Best viewed as a relationships bolt-on for games that don't go deeply into that plus some mechanics and a whole bunch of pre-made NPCs to drop in and use. We have shelves of books of combat opponents and a fair selection of shop-keepers and other NPCs to populate the world with - it is useful to see a broad selection of NPCs worked through specifically with links, hooks and persistence in a campaign in mind - you may not use them exactly but seeing it all worked through it useful if you want to add it to a game that is not already set up for such things.

So what is all this stuff you get in the box?
2 pages on contents and intro
A page on Player Safety
3 pages on Styles of Relationship
3 pages on a Relationship Systems
2 pages of advice on Running Relationships
96 pages of The Partners - 16 in all
3 pages on managing PC travel in On the Road
3 pages on Creating Romances from scratch
A page on running Business Relationships
2 pages of potential Happy Endings
A page of Magic Items
2 pages outlining the Cult of Cupid
A page of Festivals of Fascination
A page of Locations of Love
A page on how to deploy relationship-blocking Spanners
3 pages of Spells and Backgrounds
6 pages of Monsters
Wrapping with 6 pages of backers, thanks and the OGL.

Running through this I think it makes more sense as four chunks; the meta, the mechanics, the personalities and places and gear.

We have the meta-game stuff - contents, intro and Player Safety which is worth revisiting to figure out exactly where folk want to fade to black and the likes.

The core to the zine are the Mechanics - the sections on Styles of Relationship, Relationship Systems, Running Relationships, On the Road, Business Relationships, Happy Endings and Spanners. This are split out throughout the zine but the core of it being Relationship Score which runs 1-20, blocked out in chunks of 4 to give the Relationship Statuses of Passing Interest, Intriguing Flirtations, Love Affair, Burning Adoration, Epic Romance.
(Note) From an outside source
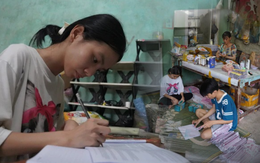 Mồ côi cha và mang khuyết tật nữ sinh vẫn quyết tâm đến giảng đường ngành dược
Ascending this statuses is done with your pick of three approaches - level, milestone or narrative systems - which are in order of mechanical crunch.

Level system works off a that can be increased based on successful checks, modified by various things, with the existing score as part of the DC so things get harder to improve as a relationship builds. Milestone system is coarser grained, improving or disimproving in broader stages based on what activities you do. Narrative system is included to say you can just go completely freeform and adjust based on roleplay at the table.
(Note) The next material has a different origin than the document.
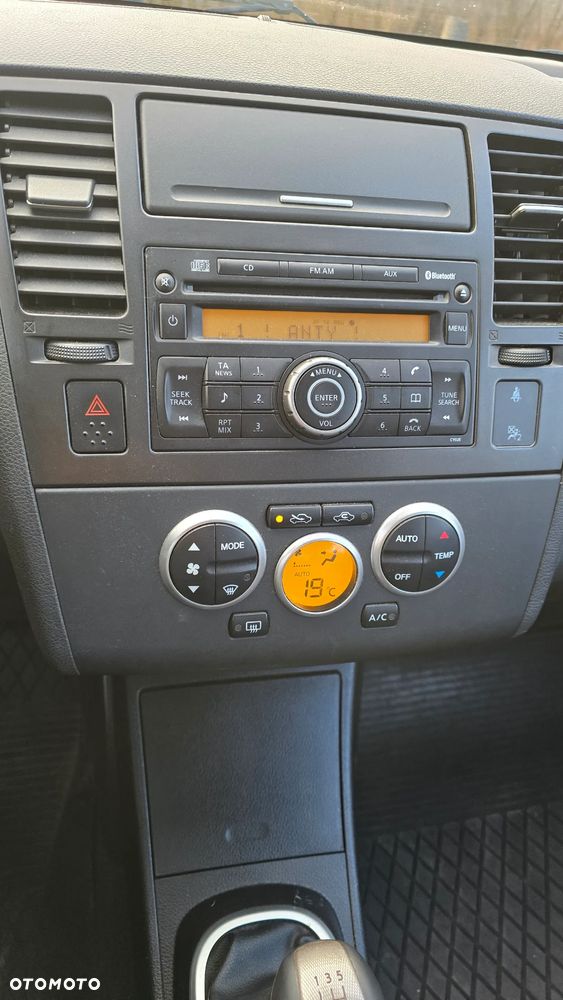 Nissan Tiida 1.6 Acenta - 9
Wrapped around this in sections like On The Road, Spanners and Happy Endings we have advice on running all this, common pitfalls, variant approaches and what to do if it all works out.

Driving the mechanical engine are the Personalities. We get 16 in the zine - 70% of the page count - and a guide to Creating Romances from scratch. The flow given for creating your own goes 'basic concept', 'notable details', 'motivations', 'blend and expand previous bits', 'detail how they relate to people', 'in-game benefits and blockers'.
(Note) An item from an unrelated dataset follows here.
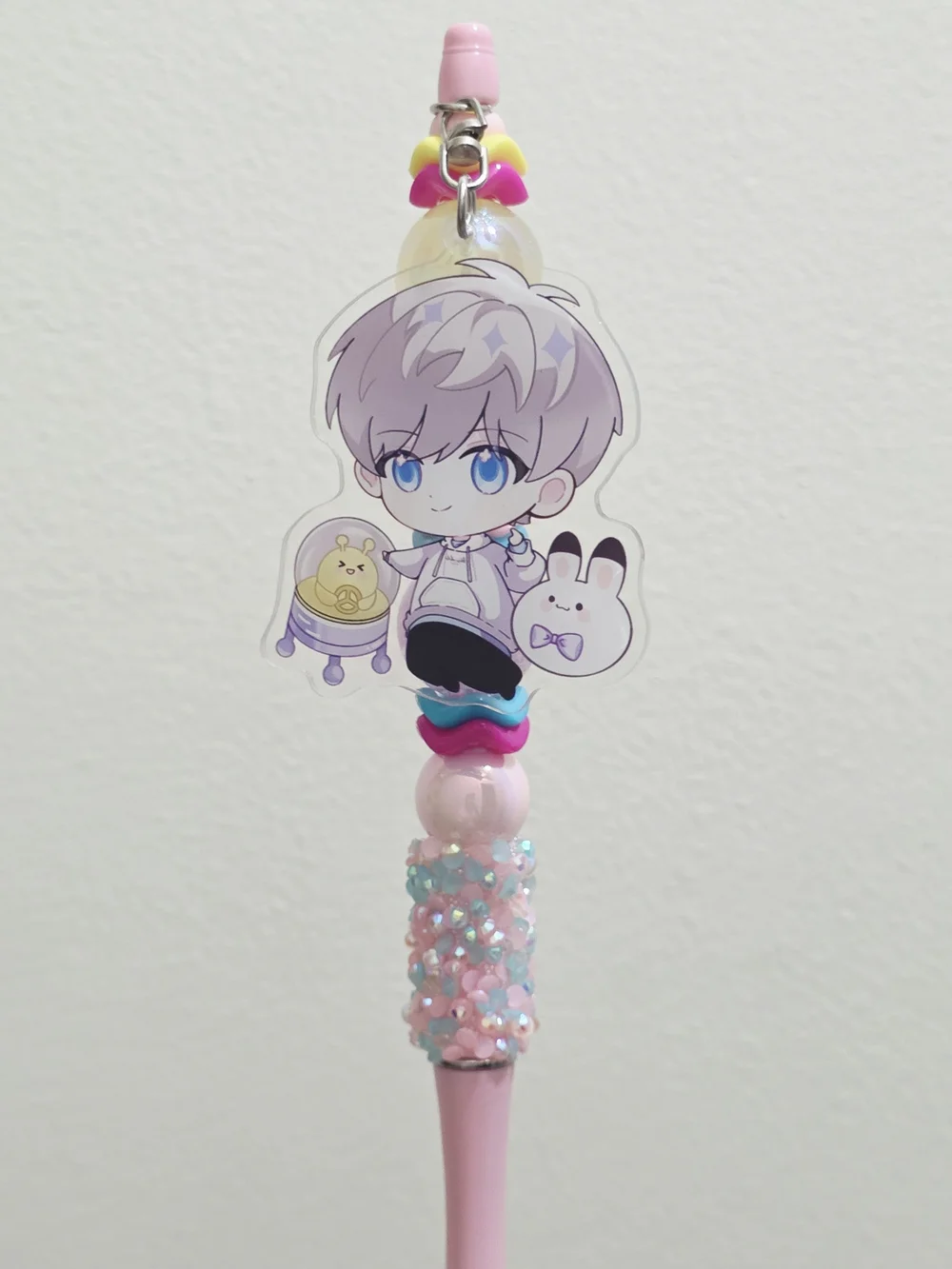 Love and Deepspace Xavier Handmade Beaded Pen & Acrylic Charm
Each of the NPCs detailed have a portrait titled with their archetype, some background, their traits and personality along with roleplaying tips, related NPCs and plot hooks, their relationship status table, guidance on making them appear again, perks of everything going well, how to impress them and finally what could hinder the relationship.

For setting ideas we get the Cult of Cupid, Festivals of Fascination and Locations of Love - a faction and some places and occasions that fore-ground social interactions and relationships. These are good ideas, I think given the broad breadth of potential campaign worlds this might have been a more universal wrench by clipping it to a single example and getting down the authors experience of what makes a good location, occasion, etc. for this type of thing but this is my preference, hardly a flaw.

Lastly we have some crunch in six Monsters, four Magic Items, four Backgrounds, two Spells, all in the theme of relationships, social encounters and playing on the links between people. Some nice things in here and good to have as they feel a bit more faery story than most combat-only oriented stuff and threats.

To wrap up - this was a pretty easy read and fills in a gap left by the fact D&D is not originally designed to do this. Hireling morale or reaction roles are not really meeting the need if you are doing complex relationships and if you are juggling a bunch of things with relationships just getting revisited alongside main activities, this framework helps with that. While I might have some quibbles about what got put where in the book for easy pick-up of how it all works, those are just minor stuff. Like working up an encounter table, using this is a little prep between games but once you've got it done, it just works.